ACTA APOSTATICAE SEDIS : come, cambiando un po' qua e un po' la, si può cambiare tutto...

domenica 9 luglio 2017

"Moro perchè non moro"?

     


Meglio morire prima

Eugenio Scalfari è un notevole esempio di come ci si può ridurre in età senile. S’è fatto invitare da Jorge Mario Bergoglio a casa sua. Aveva due richieste da sottoporre al pontefice: far togliere la scomunica a Baruch Spinoza e perorare la beatificazione di Blaise Pascal. Questioni di grande momento in quest’epoca di ciechi guidata da pazzi, e che Scalfari ha posto da par suo, ossia in linguaggio teologico. Vanno così le cose nel regno del pensiero separato. La pizia pontificale gli ha risposto picche per quanto riguarda Spinoza, e per quanto concerne la beatificazione di Pascal si “riserva di far istruire la pratica necessaria”. 

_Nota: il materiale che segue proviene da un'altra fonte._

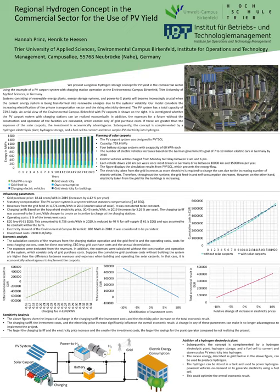As a first result, the electricity taken from the grid increases as more electricity is required to charge the cars due to the growing number of electric vehicles. Throughout the runtime, the grid feed-in and self-consumption decrease. On the other hand, electricity taken from the grid for the buildings is increasing.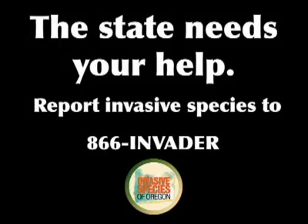There is a hotline for the public to use to alert state officials to any unusual plants, insects, or animals.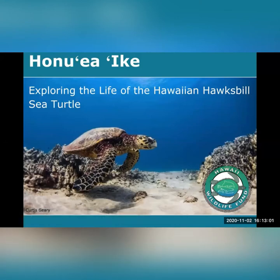Welcome to Honuea Ike, where we will explore the Hawaiian hawksbill sea turtle, or as we call them in Hawaii, Honuea or Ea. We are really excited to share about this special animal. We hope you enjoy learning about their cultural significance, how you can identify them, their life cycle, and how to help protect them.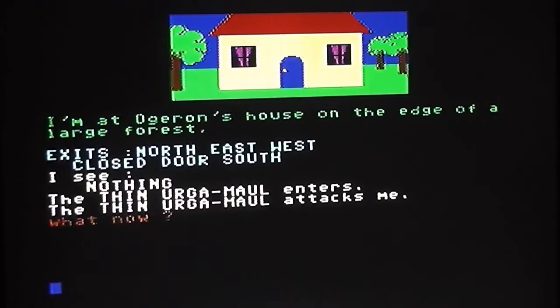The game has loaded and there's no introduction or title screen — you just get started straight away. One thing to mention straight away is it's got a Rob Hubbard tune playing in the background, which is something I've lamented on other text adventures — they could have put some music in. So there is some atmospheric music playing, and straight away you can see I'm at Ogre Ron's house on the edge of a forest, and a thin Ergamore has entered the screen and attacked me.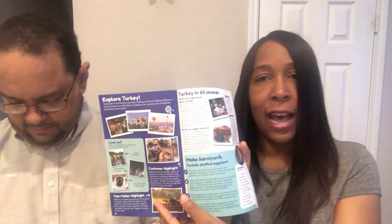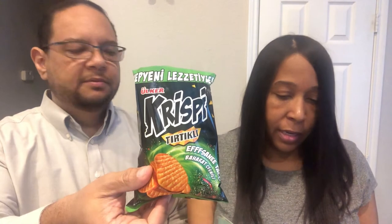In every single box you get basically a guide of that country — there are recipes in here, fun facts about that country, and a description of all the different foods in the box. So what's the first one we're gonna try? This one here is called Crispy, and it says seasoned with Turkey's famous spice blend.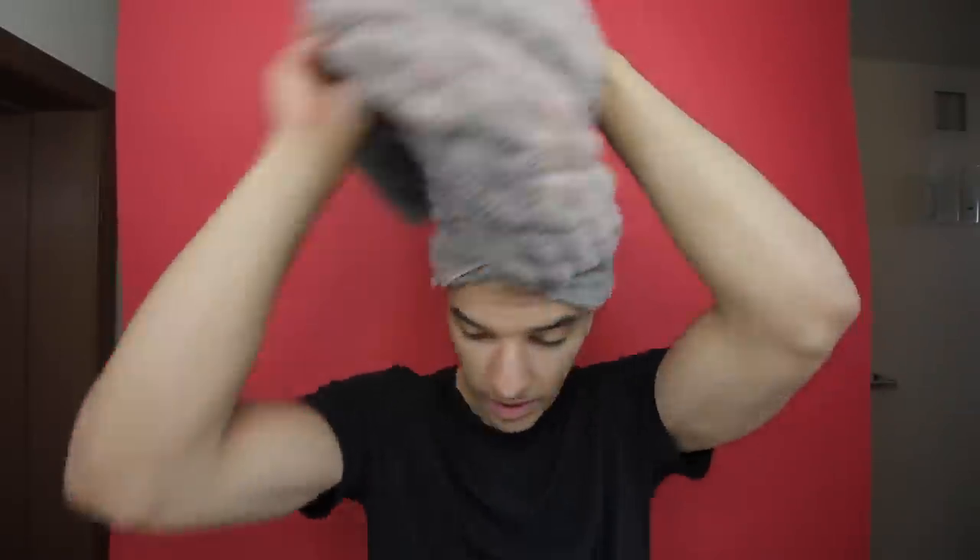All right y'all, just hopped out of the shower. This is what my hair looks like right out of the shower — it doesn't look as clunky.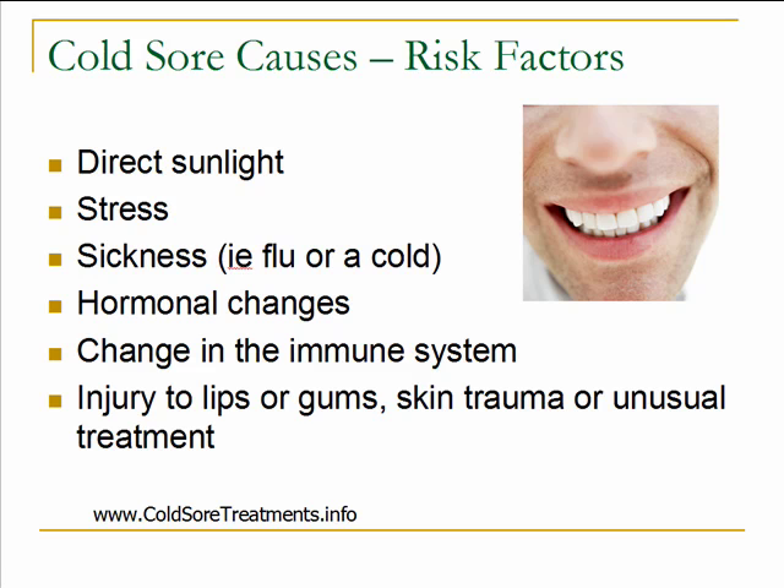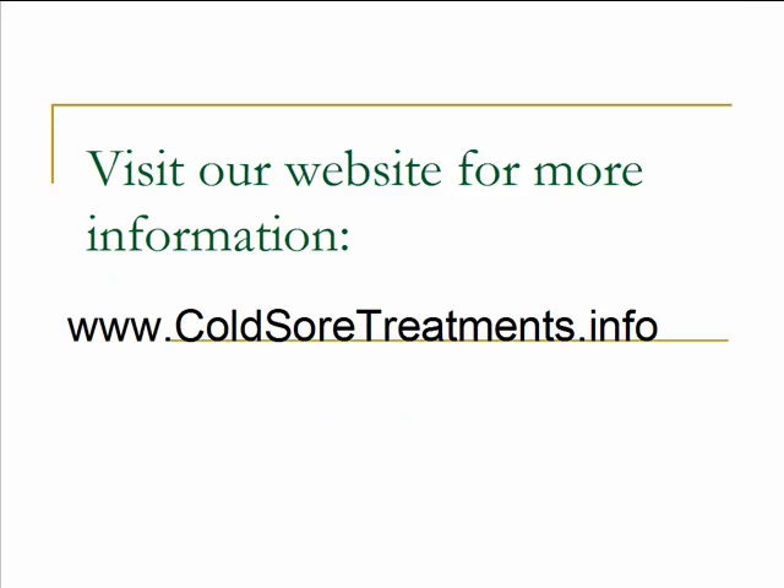Keep in mind that these risk factors are all things that have been found to promote cold sore outbreaks, but it's different for every person. You'll have to be aware of what's going on before your outbreak occurs so that you can understand your own personal risk factors. That's just a brief overview of the causes of cold sores. We do have a lot more information on our website about treatment and other information about cold sores — visit our website at www.coldsortreatments.info.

Scalfari è immerso nel suo tormento esistenziale come una sardina sott'olio, e al birbo capo dei preti ovviamente la cosa non sfugge. Però anche in questo resoconto dell’incontro col papanon perde occasione per ribadire che lui non è credente. Excusatio non petita, accusatio manifesta. Ci sarebbe da chiedersi per quale cazzo di motivo si prenda tanta briga per queste cose.

Bergoglio, dal canto suo, ha prescritto a Scalfari di “bere due litri d’acqua al giorno e mangiare cibo salato”. Terapeuta non solo dell'anima ma anche del corpo. Evidentemente il fondatore del più importante distributore italiano di bufale ha problemi con i valori della creatinina, ma da ciò che va dicendo da tempo diventa manifesto che i suoi problemi di salute vanno ben oltre la funzionalità renale. Meglio morire prima di ridursi così.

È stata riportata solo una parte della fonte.